Intel is going to offer two types of desktop processors based on Smithfield core: mainstream Pentium D and high-end Pentium Extreme Edition.

Dual-core Pentium D processors, which should hit the store shelves this quarter already will be designed in LGA775 form-factor and support 800MHz bus. However, far not all the mainboards will be compatible with these new processors. Pentium D will require mainboards based on new chipsets supporting dual-core architectures, such as NVIDIA nForce4 SLI Intel Edition or Intel 955X. Intel processors will not work in old mainboards at all.

Pentium D CPU family will consist of three models: 2.8GHz, 3.0GHz and 3.2GHz. These solutions will go under the numbers 820, 830 and 840 respectively.
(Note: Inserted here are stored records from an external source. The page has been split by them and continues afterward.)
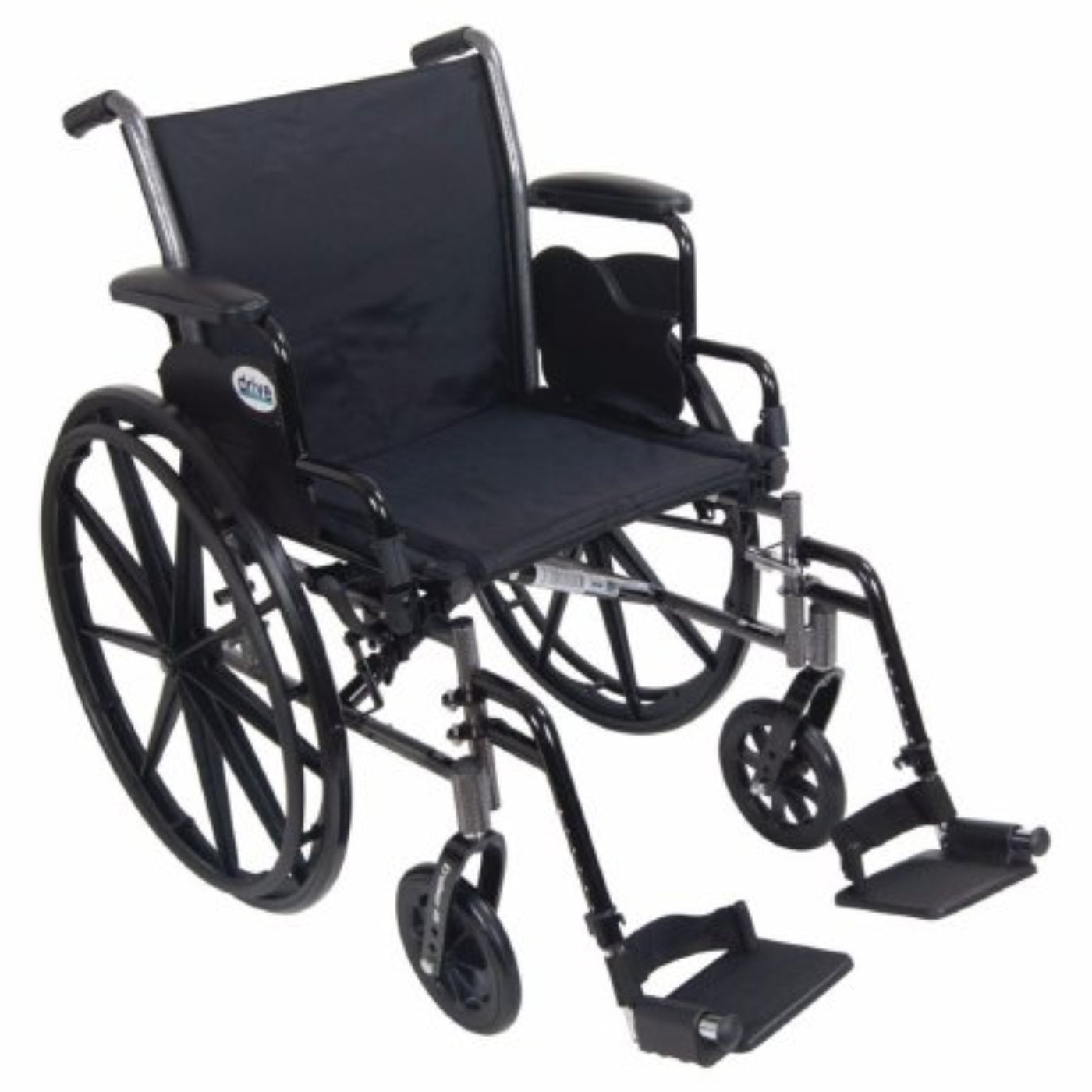 Patterson Medical - Lightweight Wheelchair Dual Axle Desk Length Arm Black Upholstery 20 Inch Seat Width Adult 350 lbs. Weight Capacity - 081502459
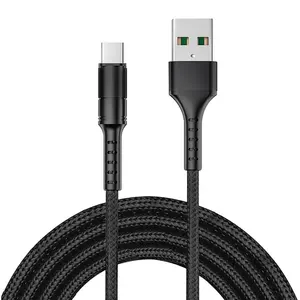 Rohs sertifikalı 5A tipi c kablo hızlı şarj naylon örgü usb a usb c kablo 1M 2M 3m tip a c kablo Xiaomi Huawei için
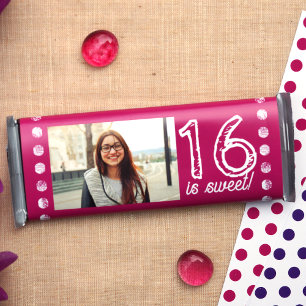 Pink Sweet 16 Birthday Candy Bar Wrapper Flyer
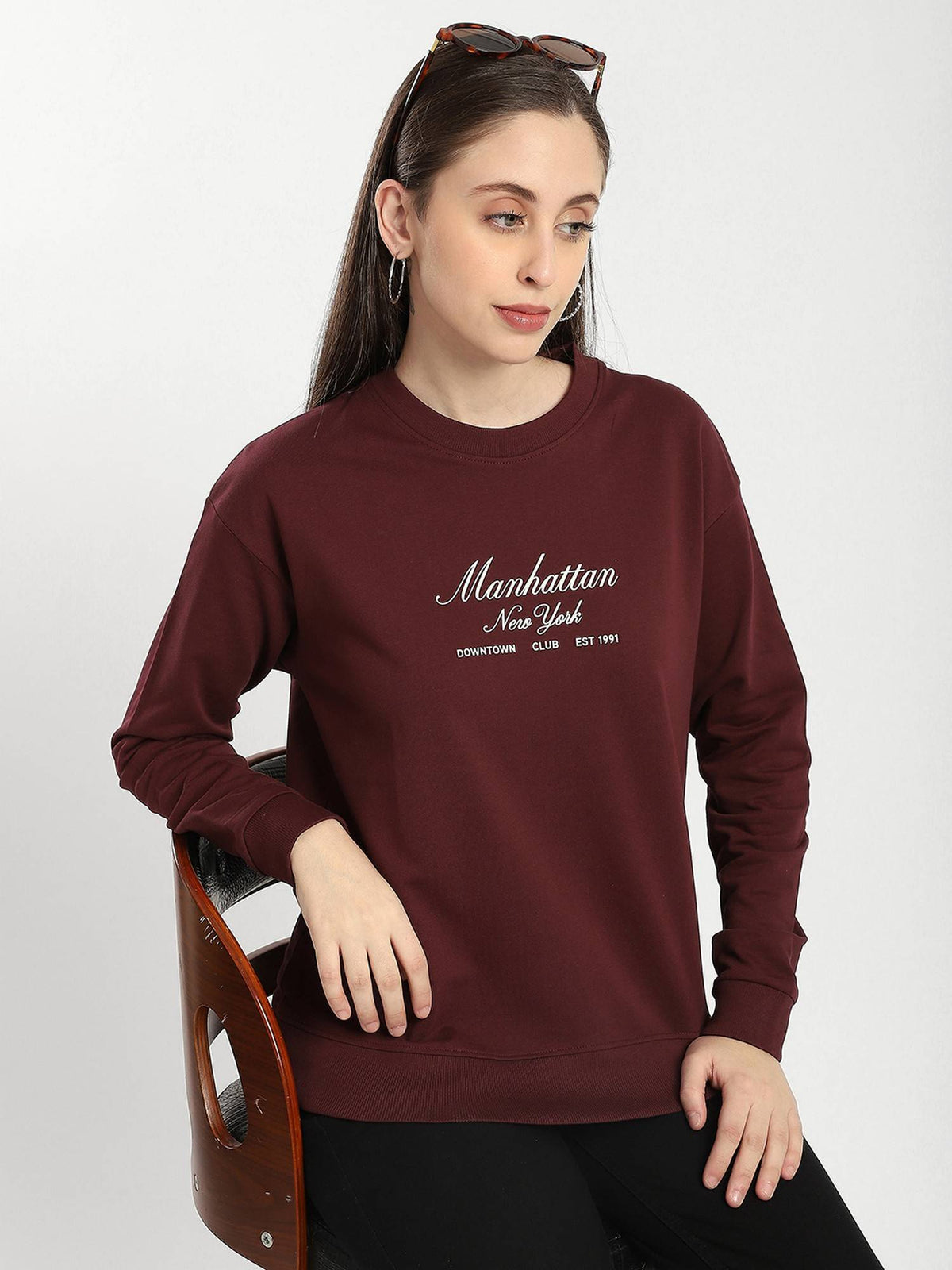 Wine Cotton Regular Fit Women Sweatshirt | SS90 - view 5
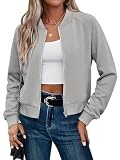 CRAZY GRID Crop Jackets for Lady Zip Up Lightweight Bomber Jacket Long Sleeve Womens Coat No Hood Knit Grey Large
The curious thing is that Pentium D will support 64-bit EMT64 extensions, Execute Disable Bit security technology and the entire set of Demand Based Switching functions, but at the same time will have Hyper-Threading technology disabled. So, the operating system will see the new Pentium D as two processors, just like the regular Pentium 4 CPUs.

Note that the first three models of the Pentium D processor family are just a pilot run on the way towards mass transition to dual-core architectures. Even though Intel is intending to raise the share of dual-core desktop solutions to 70% by the end of next year, the major effort in achieving this goal will be applied next year. Pentium D processors on Smithfield core will be manufactured in limited quantities, which is in the first place connected with the production difficulties of a big die like that.
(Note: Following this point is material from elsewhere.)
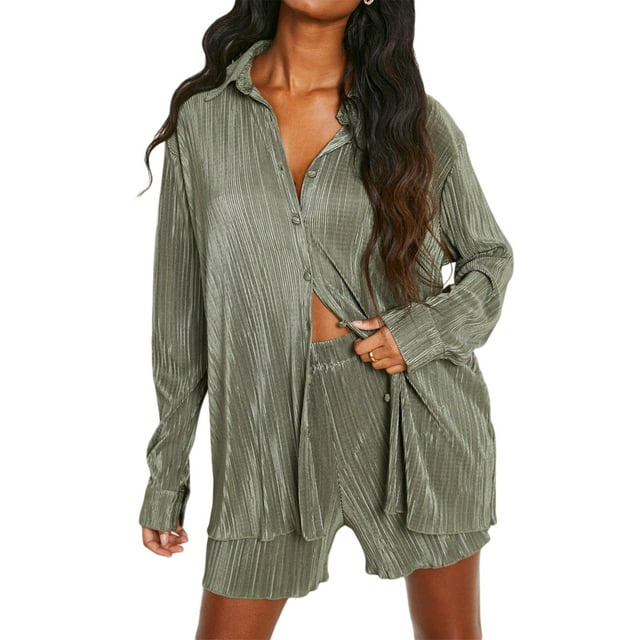 TheFound Women Casual 2 Pcs Clothes Set Solid Color Ruched Long Sleeve Button Down Shirts with Shorts Suit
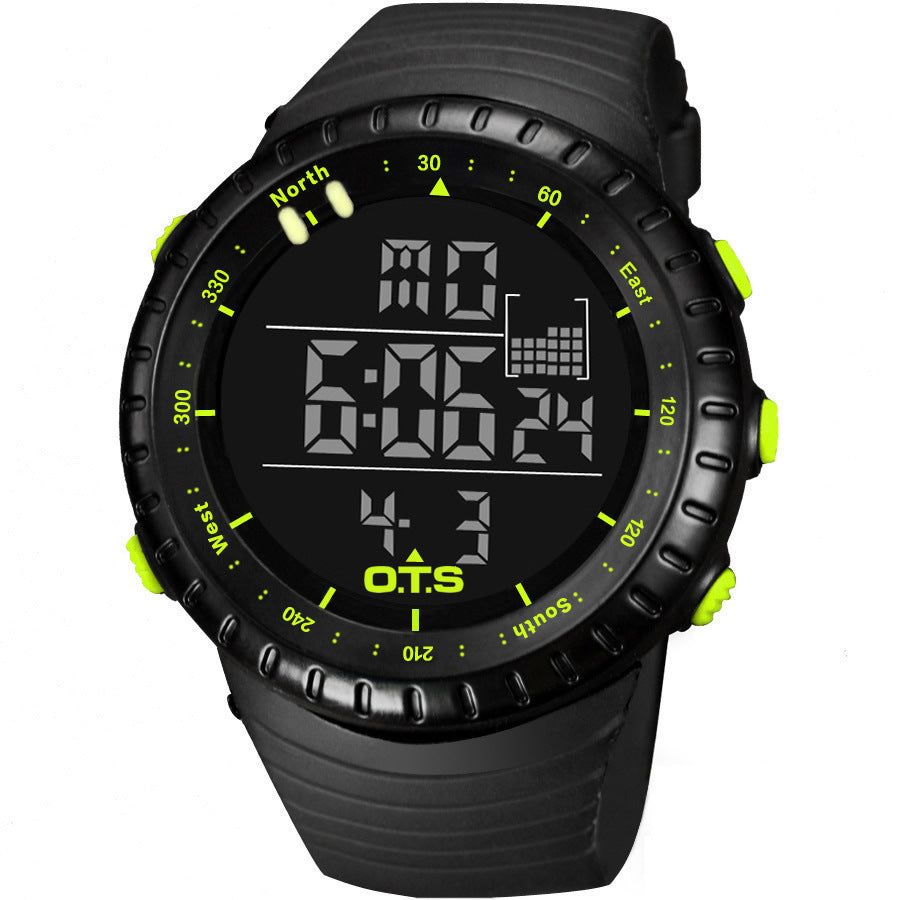 HKM-391379 Sports Electronic Waterproof Watch with Rubber Strap and Stainless Steel Buckle - 50M Water Resistance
Pentium Extreme Edition processor is a logical continuation of the Pentium 4 Extreme Edition processor family targeted for wealthy hardware enthusiasts. The name has been changed because the new “extreme” processors, which are already shipping to the leading system builders, are based not on the traditional Pentium 4 architecture, but on dual-core Smithfield architecture.

The first and so far the only Pentium Extreme Edition model marked as 840 is quite similar to Pentium D 840. Pentium Extreme Edition 840 is also a dual-core Smithfield working at 3.2GHz core clock. The only difference between this CPU and the similar Pentium D is the enabled Hyper-Threading technology. In other words, Pentium Extreme Edition 840 is recognized by the operating system as four logical processors.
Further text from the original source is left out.